CRPD Committee views on communications lodged under the Optional Protocol

  • SC v Brazil (no 10/2013)

On 2 October 2014, the Committee adopted its views in this case against Brazil conncerning a woman who had been demoted after taking more than three months of medical leave in accordance with her employer's policy, following a series of injuries which led to chronic illness and the permanent impairment of her knee.  While the Committee found the complaint inadmissible for non-exhaustion of domestic remedies, it nevertheless explored whether the complaint fell within the scope of the Convention and concluded that the difference between illness and disability is a difference of degree and not a difference of kind, and that a health impairment which is initially conceived of as illness can develop into an impairment in the context of disability because of its duration or its chronic development.  The Committee highlighted that a human rights based model of disability requires taking into account the diversity of persons with disabilities as well as the interaction between individuals with impairments and attitudinal and environmental barriers.

Please click the following links to read the views in full and to read the summary prepared by IDA.

  • Marie-Louise Jungelin v Sweden (no 5/2011)

On 2 October 2014, the Committee adopted its views in this case against Sweden concerning a woman with visual impairment who claimed she was subjected to discrimination on the basis of her disability in a recruitment procedure because the public agency employer failed to provide reasonable accommodation in the form of reasonable support and adaptation measures, to guarantee her right to employment on an equal basis with others, and further that insufficient consideration was given by the domestic labour court to alternatives which would allow her to carry out the tasks assigned to the post, in violation of Articles 5 and 27 of the Convention.  Referring to the state's margin of appreciation, the Committee found that the domestic court had thoroughly and objectively assessed the alternatives and concluded that the author's rights had not been violated.  

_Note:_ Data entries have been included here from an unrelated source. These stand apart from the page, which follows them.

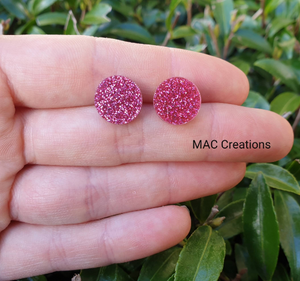 Pink Glitter Stud Earrings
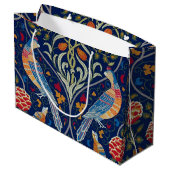 Vögel und Blume, William Morris große Geschenktasc Geschenktüte (Rückseite Schrägansicht)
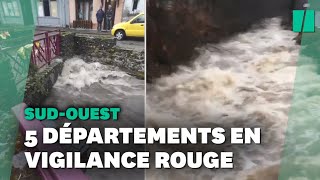 Le SudOuest encore frappé par des inondations 5 départements en vigilance rouge [upl. by Ceporah222]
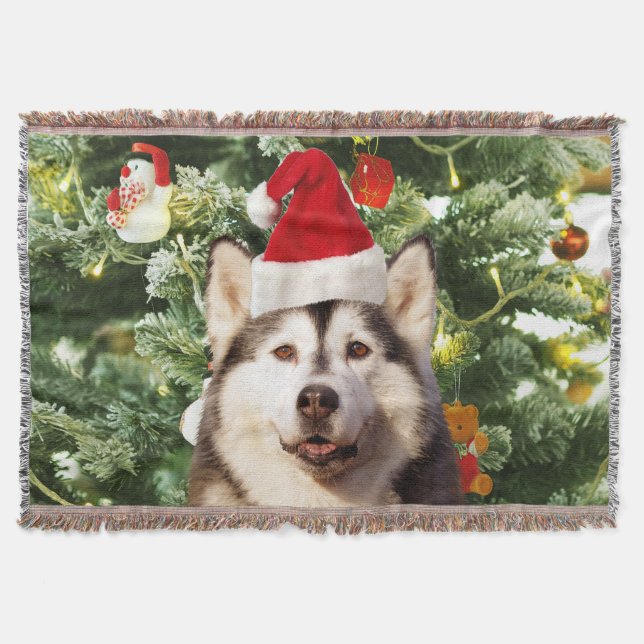 Ornamenterade siberian husky vid Julgran Snögubbe Mysfilt (Framsidan)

Five Committee members issued a joint dissenting opinion and one Committee member partially concurred with the joint dissenting opinion.  The joint dissenting opinion asserted that the domestic court failed to consider sufficiently the alternatives to ensure her employment through the perspective of Article 5, i.e. the test of reasonableness and proportionality should ensure, inter alia, that the measures of accommodation were requested to promote the employment of a person with disabilities, and that the entity can reasonably be expected to implement accommodation measures.  

The dissenting members raised the failure of the domestic court to consider the potential impact of the alternative measures on the future employment of other persons with visual impairments as an additional positive criterion, highlighting that even if reasonable accommodation is in principle an individual measure, the benefit for future employees must also be taken into account, in compliance with Articles 5, 9 and 27. Finally, they raised the failure to consider the profile of the public agency employer and the possibility of accessing subsidies and assistance benefits to implement measures to ensure the author's employment. 

Please click the following links to read the views in full and to read the summary prepared by IDA.

  • X v Argentina (no 8/2012)

On 11 April 2014, the Committee adopted its views in this case against Argentina concerning a prisoner with disabilities who was receiving medical treatment on a daily basis as an outpatient.  He complained of the conditions of detention, including lack of accessibility, and of the transfer between the prison and the hospital which he alleged put his life and health at risk.  Based on his right to access adequate medical care and rehabilitation, he made repeated requests to be held in home arrest all of which were denied.  The Committee rejected his claims on the merits under Articles 10, 25 and 26 of the Convention, finding it inconclusive that his life and health were put at risk by the transfer from prison to the hospital and that there was insufficient evidence to refute that his medical needs were being met.  The Committee upheld the petitioner’s complaints with respect to the lack of accessibility within the prison and the lack of accommodations made to guarantee his mobility, finding violations of Articles 9(1), (2) and 14(2) of the Convention, as well as a violation of Article 17 for the precarious conditions of detention to which he was subjected on account of the lack of accessibility and failure to provide reasonable accommodation within the prison.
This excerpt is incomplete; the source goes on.